Когда я была ещё совсем маленькой, отец часто уходил один в поля собирать улиток, а когда возвращался, я издалека замечала его светлые, сияющие на солнце волосы: он казался мне огромным и сильным, словно сказочный великан. Как-то утром я проснулась на рассвете, пока остальные ещё спали, и сказала, что хочу пойти с ним. С тех пор я стала его помощницей. Мы ходили, разглядывая листья, и если он видел улиток, то дважды сжимал мою руку, едва-едва, потому что я то и дело нагибалась, чтобы сорвать ромашку. Потом закрывала глаза и беззвучно шевелила губами: любит, не любит, любит, не любит, любит.

А месяц назад, когда мы, надев резиновые галоши и взяв кто корзинку, кто ведро, уже были готовы были выходить, мать уставилась на меня так, будто видела впервые.

— Эта юбка непристойная, зад слишком обтягивает, — буркнула она. — Отдай мне, я подпорю, так ходить нельзя.

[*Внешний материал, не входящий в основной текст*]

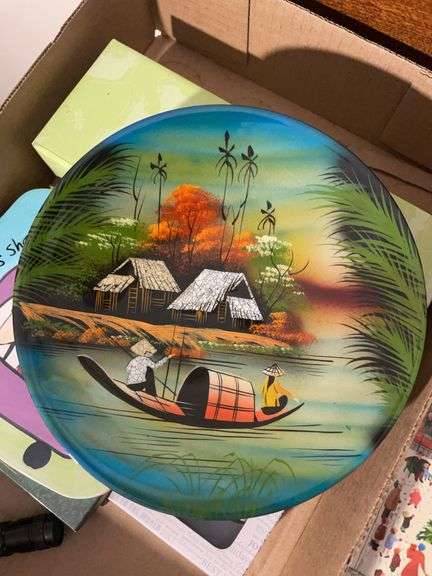 Decorative plates and vintage books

Это было неправдой: с моего тощего мальчишеского зада юбка едва не спадала, но мать никак не могла смириться с тем, что время шло, а моё тело не менялось.

— Мы же улиток идём собирать, а не на праздник, — ответила я, натянув руками колючую ткань юбки, чтобы доказать неправоту матери, но в конце концов пошла в уборную и сняла её, а надела старую, бесформенную, зато прикрывавшую мои костлявые колени. Отец уже ждал меня с корзинкой и перочинным ножом в руке. Иногда вместо улиток мы собирали лягушек, а это куда сложнее: баббалучи [5] никуда не бегут, сидят себе в своих раковинах, прилепившись к какому-нибудь камню, а лягушки знай себе прыгают: ясное дело, если у них ветер в голове.

— В твоём возрасте я уже носила бюстгальтер и чулки, — не унималась мать, пока я направлялась к стоящему в дверях отцу. — Вот только в моё время девушки поскромнее были, да и родители нам не позволяли делать всё, что заблагорассудится. И всё-таки парни на меня заглядывались…

Я от изумления даже корзинку выронила: мать всегда представлялась мне баббалучей, а она, оказывается, в молодости была той ещё лягушкой.

— Но только я всегда чистоту блюла, — с нажимом уточнила она, — мне не нужен был охранник, чтобы следить за каждым моим шагом. И потом, у нас же кто лишнего сболтнёт, мог навсегда умолкнуть. Теперь-то, конечно, всё иначе, свобода: радио, кино, танцульки… В моём доме такого и представить себе было невозможно. А народец, видать, ждёт, что языком платье сошьёт: всё тебе о соседях скажут-перескажут, даже то, чего ещё не было. Вот и должны девицы, как в возраст войдут, тише воды ниже травы быть. Это мужчине забава, а женщина-то — кувшин: кто разобьёт, тот и купит.